You are viewing a plain text version of this content. The canonical link for it is here.
Posted to reviews@mesos.apache.org by Kevin Klues <kl...@gmail.com> on 2016/01/19 23:58:05 UTC

Review Request 42519: Fixed race between SchedDriver.{stop(), abort()} and SchedDriver.join().

-----------------------------------------------------------
This is an automatically generated e-mail. To reply, visit:
https://reviews.apache.org/r/42519/
-----------------------------------------------------------

Review request for mesos, Ben Mahler and Greg Mann.


Bugs: MESOS-4409
    https://issues.apache.org/jira/browse/MESOS-4409


Repository: mesos


Description
-------

Previously, it was possible for join() to return before a schedDriver
was actually fully stopped or aborted (breaking the semantics of the
join() call). The race came from a short circuit in join(), which
simply checked for status != DRIVER_RUNNING before returning. It appears
this short circuit was introduced to handle cases where initialize() or
start() ended up aborting before ever starting the driver to begin with.
However, it unintentionally covers cases where stop() or abort() were
called *after* the driver started running as well.

The problem is that stop() and abort() will change the status
to DRIVER_STOPPED or DRIVER_ABORTED before actually processing
dispatched stop or abort events (which happen asynchronously in a
libprocess thread). Under normal operation, join() would wait for these
events to trigger a latch that allowed the join() call to return.
However, with the short circuit, join() exits immediately even if the
libprocess thread hasn't yet processed the stop() or abort() events.

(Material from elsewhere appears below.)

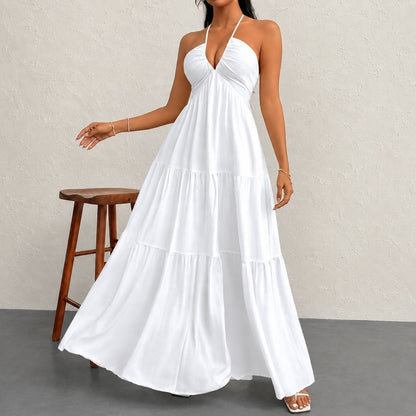 Vestido Marielle™ com Gola Halter e Amarração Delicada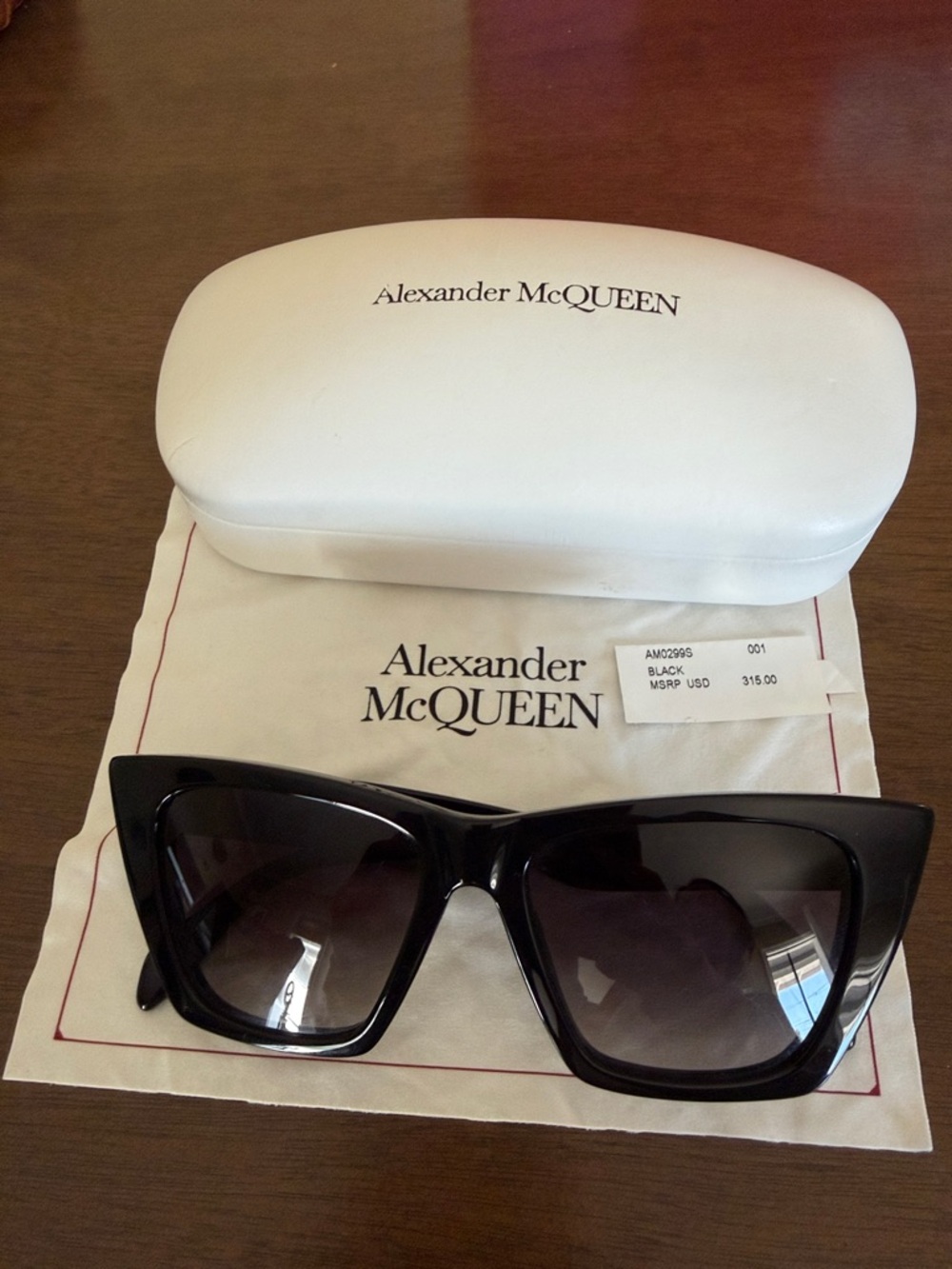 Alexander McQueen Black Oversized Square Women's Sunglasses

This commit fixes the semantics of the join() call to avoid this race.
We considered removing the latch completely and replacing it with
process.wait(), but, unlike the latch, this wouldn't ensure that stop()
or abort() was ever called in the first place.


Diffs
-----

  src/sched/sched.cpp 38940b7e2563a2156be2f8c228afdc27c45b6e83 

Diff: https://reviews.apache.org/r/42519/diff/


Testing
-------

Ran the entire 'make check' suite with no failures on both Mac OS X and ubuntu 14.04.


Thanks,

Kevin Klues


Re: Review Request 42519: Fixed race between SchedDriver.{stop(), abort()} and SchedDriver.join().

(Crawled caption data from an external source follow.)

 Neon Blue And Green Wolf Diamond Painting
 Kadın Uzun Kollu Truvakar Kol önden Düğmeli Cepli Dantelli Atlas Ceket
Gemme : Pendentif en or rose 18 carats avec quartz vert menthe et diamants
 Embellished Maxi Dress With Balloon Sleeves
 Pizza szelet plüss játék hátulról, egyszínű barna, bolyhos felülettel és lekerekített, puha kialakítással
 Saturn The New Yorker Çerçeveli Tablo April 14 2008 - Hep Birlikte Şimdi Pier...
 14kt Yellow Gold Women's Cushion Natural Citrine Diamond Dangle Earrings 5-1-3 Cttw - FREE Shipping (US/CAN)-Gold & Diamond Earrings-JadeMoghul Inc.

Posted by Kevin Klues <kl...@gmail.com>.

> On Jan. 22, 2016, 6:58 a.m., Ben Mahler wrote:
> > Logically looks good, just a couple of trivial comments and we can get this landed!

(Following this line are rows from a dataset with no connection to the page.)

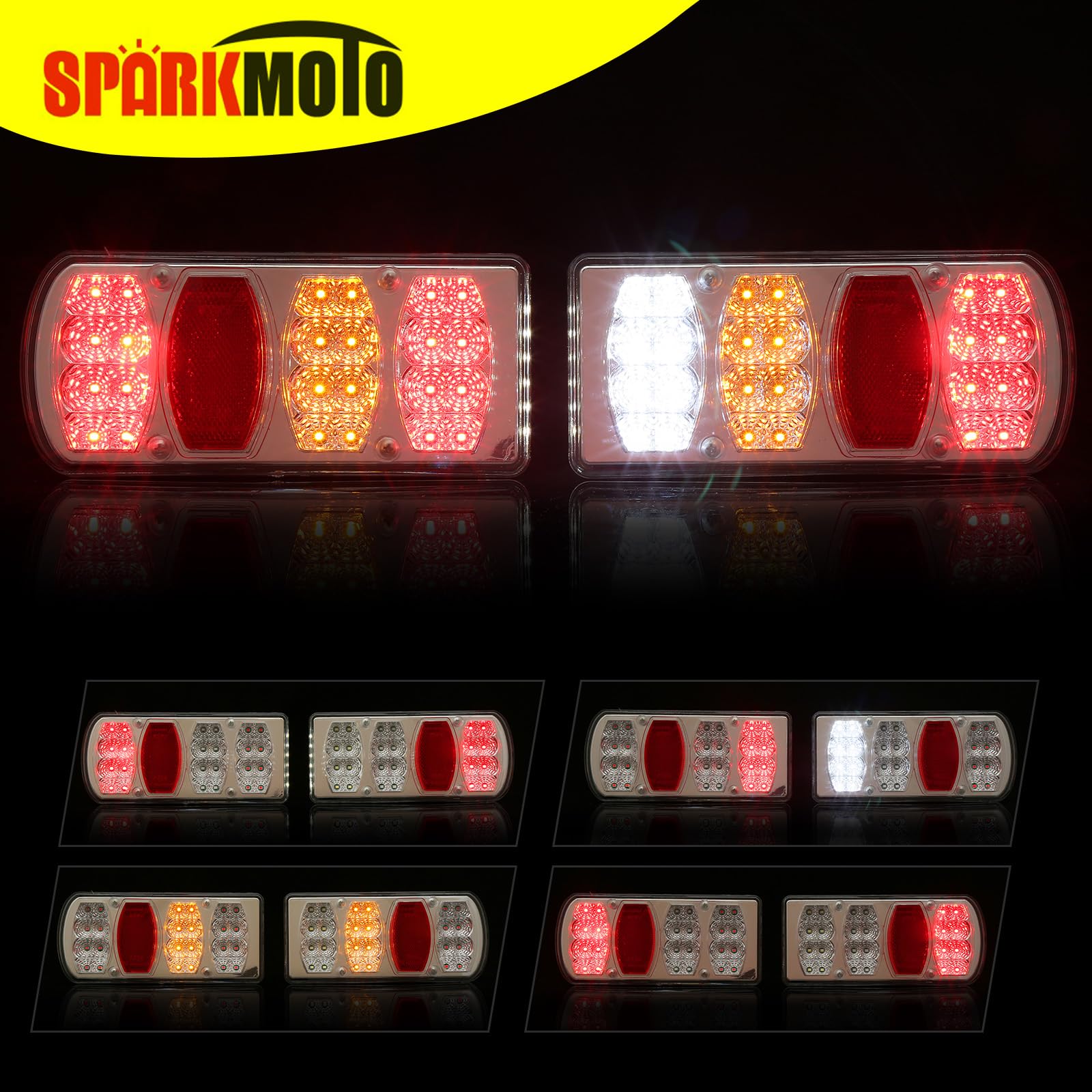 Feux de Remorque Led 12V 24V Avec Faisceau 13 Broches 5.5M Câblé Avec Connecteur Baïonnette 5 Broches,Kit Feux Arrière Éclairage Remorque 13 Broches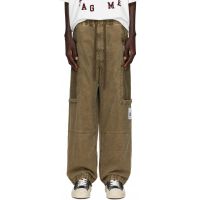 Maison MIHARA YASUHIRO Khaki Cotton Satin Cargo Pants 262551M188000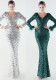 Plus Size Women Sequined Furry Formal Party Evening Dress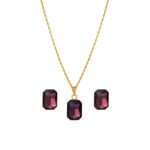 JFL - Pretty Stylish Crystal Pendant With Chain and Earrings Set for Women & Girls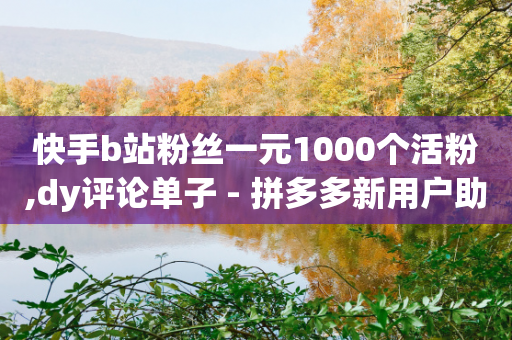 快手b站粉丝一元1000个活粉,dy评论单子 - 拼多多新用户助力网站 - 拼多多助力不显示了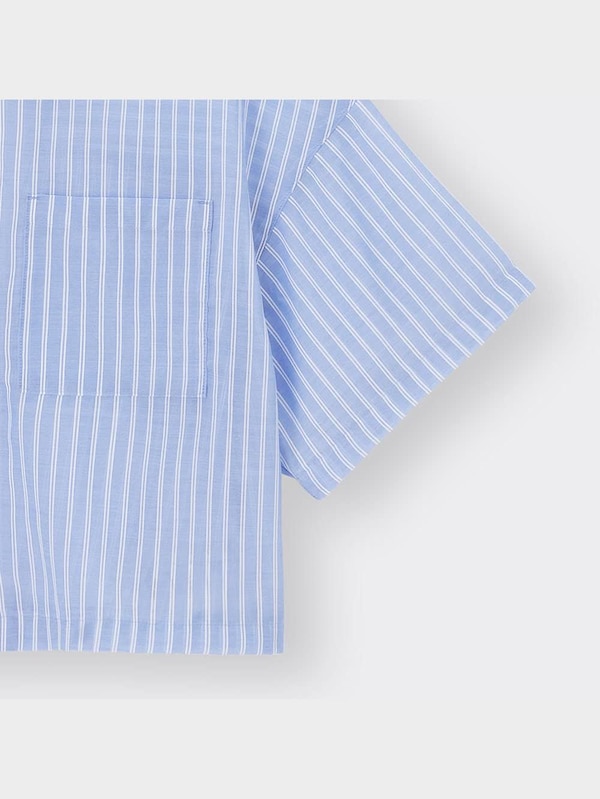 GIRLSシアークロップドストライプシャツ(半袖)JR+E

I was going to start fixing things up, but it looks like you took care of it for me.  Thanks!


- Kevin


-----------------------------------------------------------
This is an automatically generated e-mail. To reply, visit:
https://reviews.apache.org/r/42519/#review115796
-----------------------------------------------------------


On Jan. 19, 2016, 10:58 p.m., Kevin Klues wrote:
> 
> -----------------------------------------------------------
> This is an automatically generated e-mail. To reply, visit:
> https://reviews.apache.org/r/42519/
> -----------------------------------------------------------
> 
> (Updated Jan. 19, 2016, 10:58 p.m.)
> 
> 
> Review request for mesos, Ben Mahler and Greg Mann.
> 
> 
> Bugs: MESOS-4409
>     https://issues.apache.org/jira/browse/MESOS-4409
> 
> 
> Repository: mesos
> 
> 
> Description
> -------
> 
> Previously, it was possible for join() to return before a schedDriver
> was actually fully stopped or aborted (breaking the semantics of the
> join() call). The race came from a short circuit in join(), which
> simply checked for status != DRIVER_RUNNING before returning. It appears
> this short circuit was introduced to handle cases where initialize() or
> start() ended up aborting before ever starting the driver to begin with.
> However, it unintentionally covers cases where stop() or abort() were
> called *after* the driver started running as well.
> 
> The problem is that stop() and abort() will change the status
> to DRIVER_STOPPED or DRIVER_ABORTED before actually processing
> dispatched stop or abort events (which happen asynchronously in a
> libprocess thread). Under normal operation, join() would wait for these
> events to trigger a latch that allowed the join() call to return.
> However, with the short circuit, join() exits immediately even if the
> libprocess thread hasn't yet processed the stop() or abort() events.
> 
> This commit fixes the semantics of the join() call to avoid this race.
> We considered removing the latch completely and replacing it with
> process.wait(), but, unlike the latch, this wouldn't ensure that stop()
> or abort() was ever called in the first place.
> 
> 
> Diffs
> -----
> 
>   src/sched/sched.cpp 38940b7e2563a2156be2f8c228afdc27c45b6e83 
> 
> Diff: https://reviews.apache.org/r/42519/diff/
> 
> 
> Testing
> -------
> 
> Ran the entire 'make check' suite with no failures on both Mac OS X and ubuntu 14.04.
> 
> 
> Thanks,
> 
> Kevin Klues
> 
>


Re: Review Request 42519: Fixed race between SchedDriver.{stop(), abort()} and SchedDriver.join().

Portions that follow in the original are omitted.